Peter Gabriel to jeden z artystów, których zwykło się określać mianem "tych, których nie trzeba przedstawiać". Oznacza to właściwie tyle, że jego bogaty dorobek mówi sam za siebie i jakakolwiek próba współczesnej oceny dokonań tego twórcy nie jest w stanie dorosnąć do powiązanego z nimi kontekstu kulturowo-historycznego.
Najnowszy album legendy wszystkich gatunków etykietowanych pod efektownym przedrostkiem art- (głównie art popu, art rocka) zdaje się potwierdzeniem słów o niemożności dyskusji na jego temat.
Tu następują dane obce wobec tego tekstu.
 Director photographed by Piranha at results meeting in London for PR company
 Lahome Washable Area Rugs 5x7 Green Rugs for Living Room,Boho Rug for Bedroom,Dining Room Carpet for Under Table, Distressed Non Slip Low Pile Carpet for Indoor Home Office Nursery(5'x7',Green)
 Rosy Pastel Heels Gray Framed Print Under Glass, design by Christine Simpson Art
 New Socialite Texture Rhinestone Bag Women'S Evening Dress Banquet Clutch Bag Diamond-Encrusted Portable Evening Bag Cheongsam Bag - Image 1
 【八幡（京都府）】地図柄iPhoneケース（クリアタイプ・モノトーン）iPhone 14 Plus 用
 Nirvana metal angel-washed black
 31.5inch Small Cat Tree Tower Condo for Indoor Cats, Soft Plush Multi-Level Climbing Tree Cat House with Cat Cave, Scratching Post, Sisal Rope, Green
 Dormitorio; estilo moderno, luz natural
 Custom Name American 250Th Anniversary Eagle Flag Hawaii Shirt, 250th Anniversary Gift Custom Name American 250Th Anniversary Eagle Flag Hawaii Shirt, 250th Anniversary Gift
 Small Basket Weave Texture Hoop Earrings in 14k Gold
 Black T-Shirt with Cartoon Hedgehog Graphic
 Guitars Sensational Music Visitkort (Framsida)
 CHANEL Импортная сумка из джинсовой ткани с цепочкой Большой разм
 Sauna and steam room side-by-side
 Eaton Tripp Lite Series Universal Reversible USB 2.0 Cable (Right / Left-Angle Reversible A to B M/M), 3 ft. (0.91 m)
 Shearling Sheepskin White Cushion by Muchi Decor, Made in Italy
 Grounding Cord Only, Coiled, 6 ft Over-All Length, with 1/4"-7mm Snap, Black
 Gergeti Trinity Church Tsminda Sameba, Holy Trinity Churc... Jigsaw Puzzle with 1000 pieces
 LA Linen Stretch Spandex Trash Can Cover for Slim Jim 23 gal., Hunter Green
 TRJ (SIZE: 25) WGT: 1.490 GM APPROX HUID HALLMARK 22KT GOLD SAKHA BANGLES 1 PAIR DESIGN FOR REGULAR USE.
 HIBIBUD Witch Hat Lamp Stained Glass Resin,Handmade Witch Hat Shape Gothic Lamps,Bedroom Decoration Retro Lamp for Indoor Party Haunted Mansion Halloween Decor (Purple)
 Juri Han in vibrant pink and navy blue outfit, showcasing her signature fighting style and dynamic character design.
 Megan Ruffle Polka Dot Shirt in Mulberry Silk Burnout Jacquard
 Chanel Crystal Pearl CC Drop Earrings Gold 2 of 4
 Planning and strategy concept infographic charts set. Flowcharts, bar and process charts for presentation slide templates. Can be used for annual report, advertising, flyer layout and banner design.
Ten ponad dwugodzinny, dwupłytowy kolos, który łączy wieloletnie zamiłowanie autora do progresywnego popu oraz egzystencjalizmu jest w pewnym sensie projektem niemierzalnym, nieocenialnym. Jest to krążek funkcjonujący w bardzo wygodnej pozycji, tzn. obok realiów teraźniejszości nieustannie poddawanego dogłębnym recenzjom wykwitów rynku muzycznego.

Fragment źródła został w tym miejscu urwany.